Ainsi, la lumière qui émane des corps est l’acte du corps lumineux qui agit au dehors. La lumière qui se trouve dans les corps qui ont originairement une telle nature est l’essence formelle du corps originairement lumineux. Quand un pareil corps a été mêlé à la matière, il produit la couleur. L’acte seul ne suffit pas pour donner la couleur ; il ne produit que la coloration, parce qu’il est la propriété d’un sujet, qu’il en dépend, de telle sorte que rien ne peut être éloigné de ce sujet sans l’être également de son acte. La lumière est tout à fait incorporelle, quoiqu’elle soit l’acte d’un corps. On ne saurait donc dire proprement de la lumière qu’elle s’éloigne ou qu’elle est présente ; les choses se passent d’une autre manière : la lumière est l’essence du corps lumineux en tant qu’elle est son acte. L’image produite dans un miroir est donc un acte de l’objet visible, lequel agit sur ce qui peut pâtir, sans laisser rien écouler de sa substance. Si l’objet est présent, l’image paraît dans le miroir : elle est en quelque sorte l’image de la couleur qui a telle figure. Si l’objet s’éloigne, le corps diaphane n’a plus ce qu’il avait quand l’objet visible agissait sur le miroir.
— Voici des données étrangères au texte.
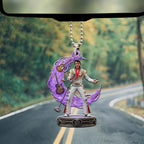 Elvis Presley Custom shape 2-sided Acrylic Car Ornament – MAITM12624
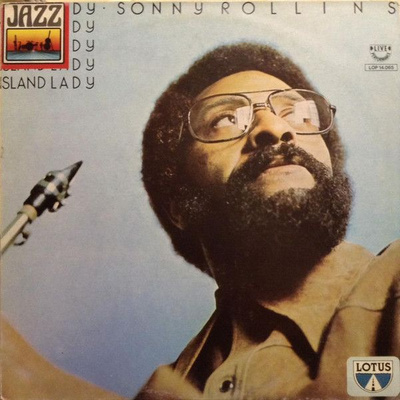 Sonny Rollins - Island Lady (1980, Italy, Vinyl)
Il en est de même pour la première âme : son acte demeure dans le corps tant que cette âme y demeure elle-même[1].

S’il s’agit d’une force qui ne soit pas l’acte de la première

  1. L’acte de la première âme (c’est à dire de l’âme raisonnable) est l’âme irraisonnable. Voy. les Éclaircissements du tome I, p, 362-366.